Design and population.
This was a retrospective cohort study of inpatients treated with AmB between 2006 and 2012. The year 2006 was chosen because it was the first year after the introduction of electronic medical records (EMRs) for laboratory data at our institution (August 2005); the year 2012 was the date of the initial draft of this project. According to our inpatient pharmacy, there were 734 treatments with AmB during that period of time. Exclusion criteria were retreatment (in these cases, only data from the first treatment were analyzed), use of fewer than three doses of AmB, age <18 years old, AKI or hemodialysis at the time of AmB initiation, intermittent use of AmB, such as weekly use in “day hospital” setting, use of nonintravenous forms of AmB, and missing critical data.
Variables collected.
We reviewed paper charts and electronic medical records for demographic variables, patient location (floor versus intensive care unit [ICU]), reason for AmB use, type of AmB used, AmB regimen, total AmB dose, renal protection strategy used, comorbidities (Charlson comorbidity index), concomitant nephrotoxic medications, use and dose of vasoactive drugs, serial laboratory data (blood urea nitrogen [BUN], SCr, potassium, magnesium, and bicarbonate levels), days on a ventilator (if applicable), days in the ICU (if applicable), days in the hospital, and in-hospital mortality.
Definitions.
AKI was defined and staged according to RIFLE (18), AKIN (19), and KDIGO (20) criteria. For comparison, we also defined AKI using two traditional nephrotoxicity (NT) criteria (21). Since we did not have access to urinary output data, AKI diagnoses were based solely on the magnitude of the increases in SCr levels (Fig. 1).

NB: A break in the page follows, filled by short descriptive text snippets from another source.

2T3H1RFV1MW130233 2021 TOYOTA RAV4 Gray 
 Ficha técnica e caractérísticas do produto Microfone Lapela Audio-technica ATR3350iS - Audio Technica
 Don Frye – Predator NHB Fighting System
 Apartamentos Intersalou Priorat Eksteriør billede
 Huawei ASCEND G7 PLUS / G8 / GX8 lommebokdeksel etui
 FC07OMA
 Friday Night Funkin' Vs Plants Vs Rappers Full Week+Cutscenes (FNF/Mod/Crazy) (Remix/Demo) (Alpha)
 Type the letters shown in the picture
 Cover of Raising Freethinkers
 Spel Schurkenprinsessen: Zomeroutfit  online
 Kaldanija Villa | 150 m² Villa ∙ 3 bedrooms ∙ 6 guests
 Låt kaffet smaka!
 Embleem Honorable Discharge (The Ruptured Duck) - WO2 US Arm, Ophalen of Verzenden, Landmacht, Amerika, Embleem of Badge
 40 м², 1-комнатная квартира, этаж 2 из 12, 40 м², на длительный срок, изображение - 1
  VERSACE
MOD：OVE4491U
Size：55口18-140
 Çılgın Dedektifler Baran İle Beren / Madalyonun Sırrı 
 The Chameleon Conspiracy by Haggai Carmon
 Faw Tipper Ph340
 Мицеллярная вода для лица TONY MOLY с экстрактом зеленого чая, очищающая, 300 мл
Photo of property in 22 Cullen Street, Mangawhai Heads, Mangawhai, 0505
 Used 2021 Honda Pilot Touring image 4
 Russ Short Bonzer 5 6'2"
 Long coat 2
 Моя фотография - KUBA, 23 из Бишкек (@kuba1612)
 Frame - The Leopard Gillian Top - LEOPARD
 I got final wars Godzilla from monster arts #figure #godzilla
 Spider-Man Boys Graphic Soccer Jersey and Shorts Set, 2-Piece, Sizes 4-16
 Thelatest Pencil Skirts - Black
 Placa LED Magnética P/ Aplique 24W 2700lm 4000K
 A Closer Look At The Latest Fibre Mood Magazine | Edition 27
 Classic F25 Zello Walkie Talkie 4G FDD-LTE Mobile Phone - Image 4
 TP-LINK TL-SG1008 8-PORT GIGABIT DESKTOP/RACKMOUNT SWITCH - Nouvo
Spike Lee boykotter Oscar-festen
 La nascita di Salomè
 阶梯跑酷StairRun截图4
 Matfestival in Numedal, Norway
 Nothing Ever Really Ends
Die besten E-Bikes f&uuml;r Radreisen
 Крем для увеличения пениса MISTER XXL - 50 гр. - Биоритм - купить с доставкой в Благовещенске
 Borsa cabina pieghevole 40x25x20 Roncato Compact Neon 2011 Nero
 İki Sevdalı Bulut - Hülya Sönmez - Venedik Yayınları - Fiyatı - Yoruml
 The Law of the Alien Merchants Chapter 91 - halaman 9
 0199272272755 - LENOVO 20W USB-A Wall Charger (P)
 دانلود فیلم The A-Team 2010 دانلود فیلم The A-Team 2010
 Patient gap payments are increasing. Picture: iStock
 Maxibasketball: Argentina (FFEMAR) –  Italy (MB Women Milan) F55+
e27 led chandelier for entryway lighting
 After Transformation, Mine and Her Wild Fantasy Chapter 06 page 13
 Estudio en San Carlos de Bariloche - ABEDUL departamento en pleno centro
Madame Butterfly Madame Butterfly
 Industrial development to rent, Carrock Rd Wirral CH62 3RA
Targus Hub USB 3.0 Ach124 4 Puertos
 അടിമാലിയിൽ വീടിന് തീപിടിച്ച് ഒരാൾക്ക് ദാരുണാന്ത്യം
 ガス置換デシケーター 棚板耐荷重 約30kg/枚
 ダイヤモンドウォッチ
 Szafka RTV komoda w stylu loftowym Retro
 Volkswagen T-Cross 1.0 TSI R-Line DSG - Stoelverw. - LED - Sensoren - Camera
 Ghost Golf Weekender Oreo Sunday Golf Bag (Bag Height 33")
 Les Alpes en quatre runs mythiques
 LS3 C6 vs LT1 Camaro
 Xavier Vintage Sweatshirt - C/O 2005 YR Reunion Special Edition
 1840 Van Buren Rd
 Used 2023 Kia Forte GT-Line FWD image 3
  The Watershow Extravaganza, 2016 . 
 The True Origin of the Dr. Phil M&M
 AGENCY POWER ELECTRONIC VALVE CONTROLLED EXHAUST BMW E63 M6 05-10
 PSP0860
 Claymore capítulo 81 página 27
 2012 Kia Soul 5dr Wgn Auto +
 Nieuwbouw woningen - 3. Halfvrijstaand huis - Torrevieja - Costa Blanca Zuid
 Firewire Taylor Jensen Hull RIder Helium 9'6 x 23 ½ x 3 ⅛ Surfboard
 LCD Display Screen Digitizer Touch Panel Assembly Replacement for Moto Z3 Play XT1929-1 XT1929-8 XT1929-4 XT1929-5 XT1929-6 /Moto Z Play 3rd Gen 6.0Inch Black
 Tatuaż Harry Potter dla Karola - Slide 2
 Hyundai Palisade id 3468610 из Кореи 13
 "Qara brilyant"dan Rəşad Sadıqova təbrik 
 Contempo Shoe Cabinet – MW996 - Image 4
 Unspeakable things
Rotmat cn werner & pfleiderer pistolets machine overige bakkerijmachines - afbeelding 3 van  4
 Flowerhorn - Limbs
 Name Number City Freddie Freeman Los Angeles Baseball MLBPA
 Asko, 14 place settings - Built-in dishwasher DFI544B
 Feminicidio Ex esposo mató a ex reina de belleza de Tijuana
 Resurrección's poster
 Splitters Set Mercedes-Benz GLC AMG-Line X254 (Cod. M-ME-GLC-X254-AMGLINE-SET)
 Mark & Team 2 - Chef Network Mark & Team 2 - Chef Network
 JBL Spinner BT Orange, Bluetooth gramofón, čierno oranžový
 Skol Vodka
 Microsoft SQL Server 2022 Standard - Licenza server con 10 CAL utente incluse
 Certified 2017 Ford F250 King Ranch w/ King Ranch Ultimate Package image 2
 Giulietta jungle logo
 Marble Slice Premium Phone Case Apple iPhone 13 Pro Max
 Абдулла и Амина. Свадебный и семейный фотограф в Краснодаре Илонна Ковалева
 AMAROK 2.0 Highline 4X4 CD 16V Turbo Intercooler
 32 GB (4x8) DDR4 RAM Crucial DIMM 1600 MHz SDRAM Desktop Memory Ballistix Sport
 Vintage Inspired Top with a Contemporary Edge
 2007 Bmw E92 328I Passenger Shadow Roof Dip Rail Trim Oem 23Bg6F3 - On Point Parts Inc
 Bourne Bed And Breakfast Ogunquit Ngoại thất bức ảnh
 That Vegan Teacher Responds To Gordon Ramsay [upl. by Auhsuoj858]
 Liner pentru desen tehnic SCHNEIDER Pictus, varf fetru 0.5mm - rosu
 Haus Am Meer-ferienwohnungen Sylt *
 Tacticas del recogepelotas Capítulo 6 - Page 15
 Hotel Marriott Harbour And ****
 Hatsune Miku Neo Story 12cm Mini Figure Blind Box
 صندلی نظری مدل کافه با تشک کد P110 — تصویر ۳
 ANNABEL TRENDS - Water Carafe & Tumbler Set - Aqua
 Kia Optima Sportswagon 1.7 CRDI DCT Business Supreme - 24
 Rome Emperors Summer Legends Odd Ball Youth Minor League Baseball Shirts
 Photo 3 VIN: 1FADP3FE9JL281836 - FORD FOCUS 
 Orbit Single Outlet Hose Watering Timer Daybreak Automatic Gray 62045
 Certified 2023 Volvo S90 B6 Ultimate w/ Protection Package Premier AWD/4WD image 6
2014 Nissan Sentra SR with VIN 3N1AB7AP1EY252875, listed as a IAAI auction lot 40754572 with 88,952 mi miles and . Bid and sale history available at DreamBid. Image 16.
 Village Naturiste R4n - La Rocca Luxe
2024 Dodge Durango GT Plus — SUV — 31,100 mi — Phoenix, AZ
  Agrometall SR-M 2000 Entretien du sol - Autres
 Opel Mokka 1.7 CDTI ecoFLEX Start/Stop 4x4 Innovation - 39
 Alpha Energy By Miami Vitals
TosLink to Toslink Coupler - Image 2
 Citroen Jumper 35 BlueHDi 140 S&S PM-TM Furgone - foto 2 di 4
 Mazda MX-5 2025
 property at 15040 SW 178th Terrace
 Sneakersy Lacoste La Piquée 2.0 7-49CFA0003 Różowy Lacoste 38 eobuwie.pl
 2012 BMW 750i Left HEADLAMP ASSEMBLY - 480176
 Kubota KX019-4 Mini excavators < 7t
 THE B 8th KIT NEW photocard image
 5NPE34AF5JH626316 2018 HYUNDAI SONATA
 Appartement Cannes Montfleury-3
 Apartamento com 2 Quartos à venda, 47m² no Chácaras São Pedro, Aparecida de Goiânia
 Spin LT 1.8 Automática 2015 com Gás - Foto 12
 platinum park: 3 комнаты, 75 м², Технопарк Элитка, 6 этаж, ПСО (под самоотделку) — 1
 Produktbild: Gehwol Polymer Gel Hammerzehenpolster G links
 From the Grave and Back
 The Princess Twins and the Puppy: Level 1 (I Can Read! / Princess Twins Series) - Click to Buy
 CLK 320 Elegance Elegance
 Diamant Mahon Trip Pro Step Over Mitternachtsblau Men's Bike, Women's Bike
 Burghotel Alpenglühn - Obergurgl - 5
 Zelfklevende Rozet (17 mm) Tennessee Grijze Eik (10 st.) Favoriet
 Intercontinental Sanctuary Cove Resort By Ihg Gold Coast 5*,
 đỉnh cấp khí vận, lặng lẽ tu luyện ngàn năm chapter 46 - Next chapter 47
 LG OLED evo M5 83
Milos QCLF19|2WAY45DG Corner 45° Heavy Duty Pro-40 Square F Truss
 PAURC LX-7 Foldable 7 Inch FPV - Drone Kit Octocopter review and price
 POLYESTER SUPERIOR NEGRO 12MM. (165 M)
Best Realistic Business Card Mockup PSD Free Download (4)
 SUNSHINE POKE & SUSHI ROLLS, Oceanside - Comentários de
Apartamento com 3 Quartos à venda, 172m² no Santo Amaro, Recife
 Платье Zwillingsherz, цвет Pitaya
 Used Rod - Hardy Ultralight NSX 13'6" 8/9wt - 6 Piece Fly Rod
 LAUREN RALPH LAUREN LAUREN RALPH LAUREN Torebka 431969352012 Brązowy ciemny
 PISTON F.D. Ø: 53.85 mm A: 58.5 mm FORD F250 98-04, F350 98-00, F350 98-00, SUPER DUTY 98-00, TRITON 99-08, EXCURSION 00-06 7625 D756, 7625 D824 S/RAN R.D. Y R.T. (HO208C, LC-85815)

Due to the 48-h requirement, which practically entails having daily SCr measurements (or at least every other day), the AKIN criteria could not be applied to some patients. Since the newest KDIGO system combines characteristics of the RIFLE and AKIN criteria, we chose this system to stratify AKI in stages. In addition, we used binary definitions for RIFLE, AKIN, and KDIGO (RIFLEbin, AKINbin, and KDIGObin, respectively). In these binary definitions, any patient that fulfilled criteria for the initial stage (which in practice means a stage R or greater for RIFLE, stage I or greater for AKIN, or stage ≥1 for KDIGO) was classified as having AKI.
The baseline SCr level was defined as the value obtained on the morning of day zero, which was the day of the first AmB dose. If an SCr value was not available for that day, we used the value nearest to day zero or the admission SCr level.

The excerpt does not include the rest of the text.